26.01.2013 | KRITIKEN, Oper

Budapest Staatsoper DER FLIEGENDE HOLLÄNDER (Premiere 19.1.2013, besuchte Vorstellung 25.1.2013) –


Copyright: Pál Csillag

Der Fliegende Holländer, ungarisch A bolgygó hollandi, wurde erstmals am 10. Mai 1873 im Nemzeti Színház (Nationalteater) in Budapest aufgeführt. Aus dem Programmheft kann man entnehmen, dass bis 1997 13 weitere Neuinszenierungen, allesamt in ungarischer Sprache gesungen, folgten. Die nunmehrige, 15. Inszenierung, ist die erste in deutscher Sprache. Gespielt wird übrigens die Originalversion aus dem Jahr 1841!

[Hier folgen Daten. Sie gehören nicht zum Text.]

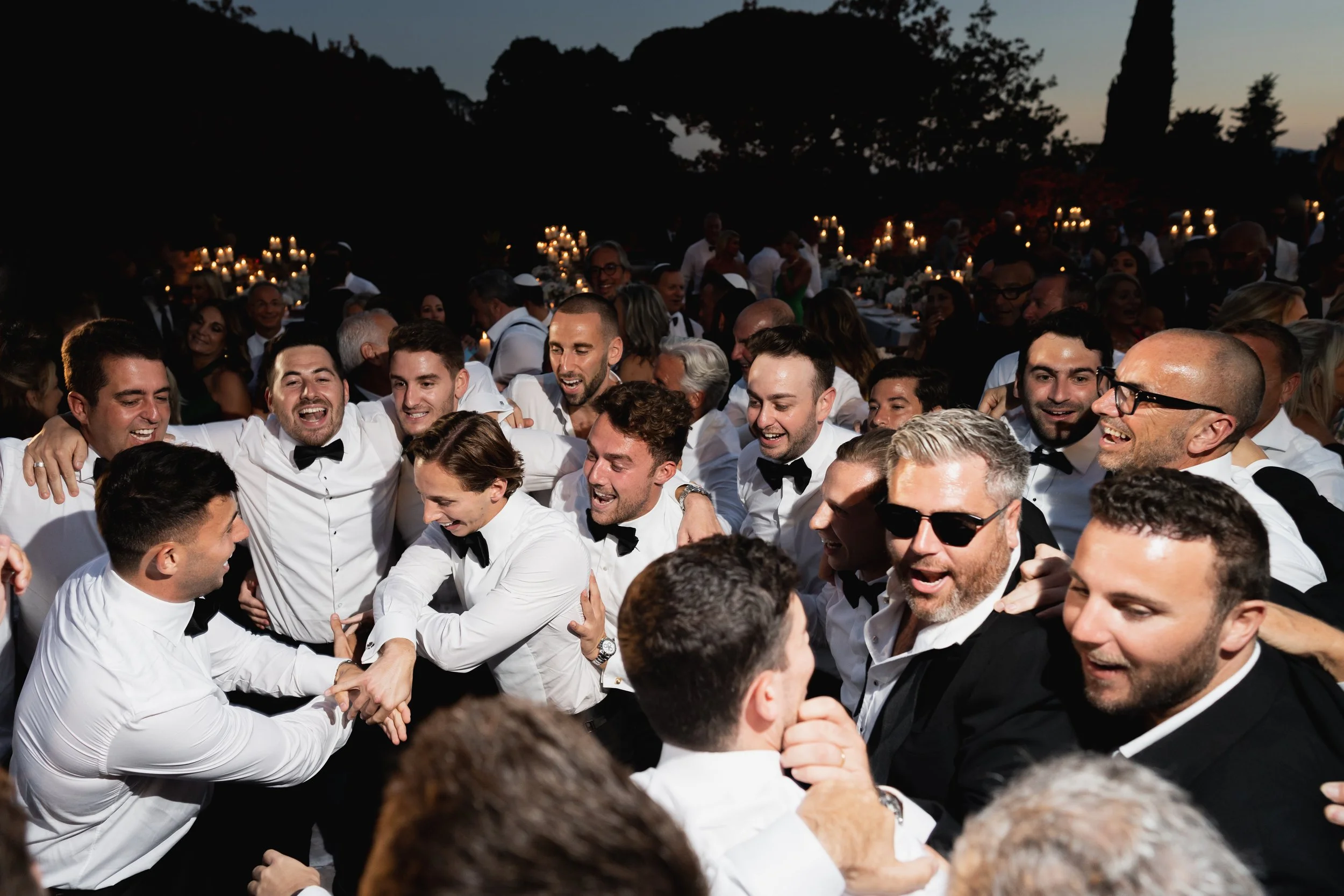 A large group of people dressed in formal attire celebrating outdoors with many smiling and engaging in lively conversation and handshakes. Jewish tradition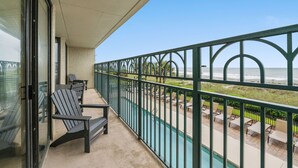 A balcony with chairs and a view of the beach. - Spacious 1st floor corner Oceanfront unit + Free Attraction Tickets! (North Myrtle Beach)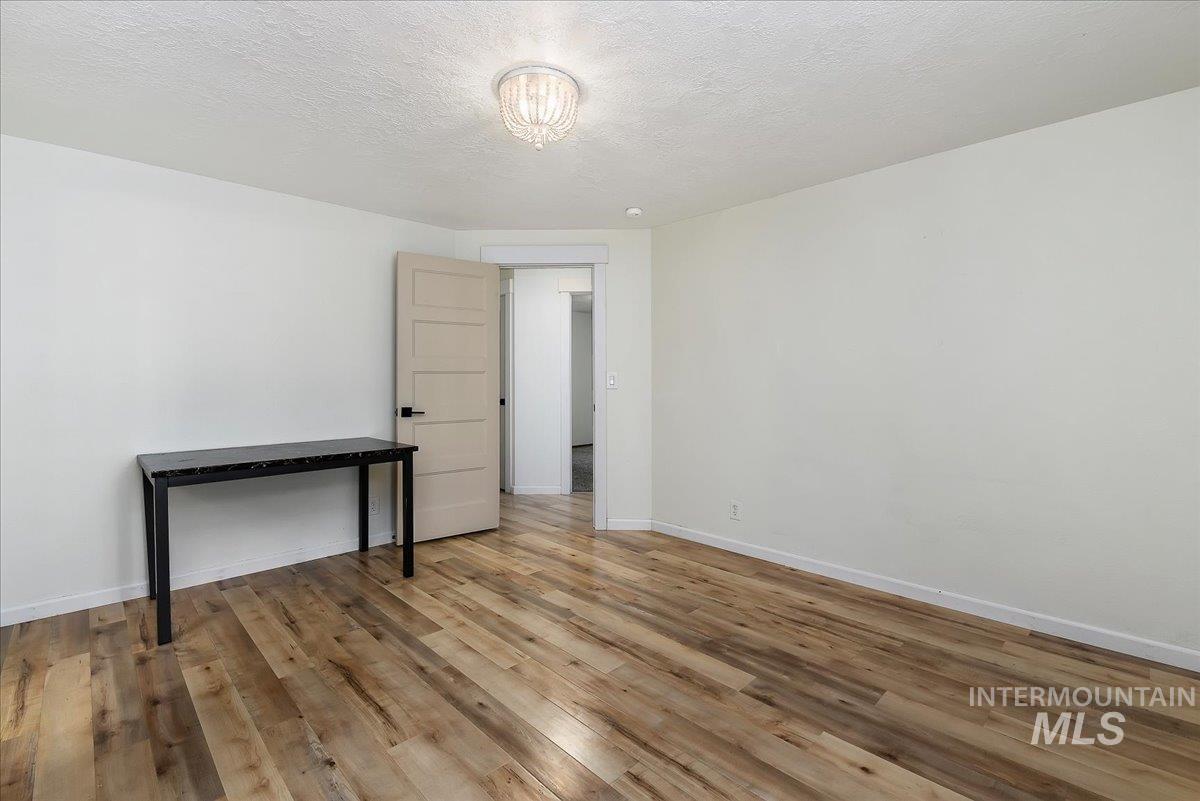 9215 West Preece Street Boise, ID 83704 - Photo 8 of 22 Spacious room featuring wood-finish flooring, crisp white walls, and a contemporary ceiling light fixture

Freilich war Wagner nicht der einzige, der einen Fliegenden Holländer komponierte. In Paris musste er aus Geldnot den Entwurf an die Pariser Oper verkaufen und der skandalumwitterte Dirigent und Komponist Pierre-Louis-Philippe Dietsch (1808-65) schuf dann daraus nach einem Libretto von Paul Foucher (1810-75) und Bénédict-Henry Révoil (1816-82) „seinen Holländer“ unter dem Titel „Le vaisseau fantôme, ou Le maudit des mers“.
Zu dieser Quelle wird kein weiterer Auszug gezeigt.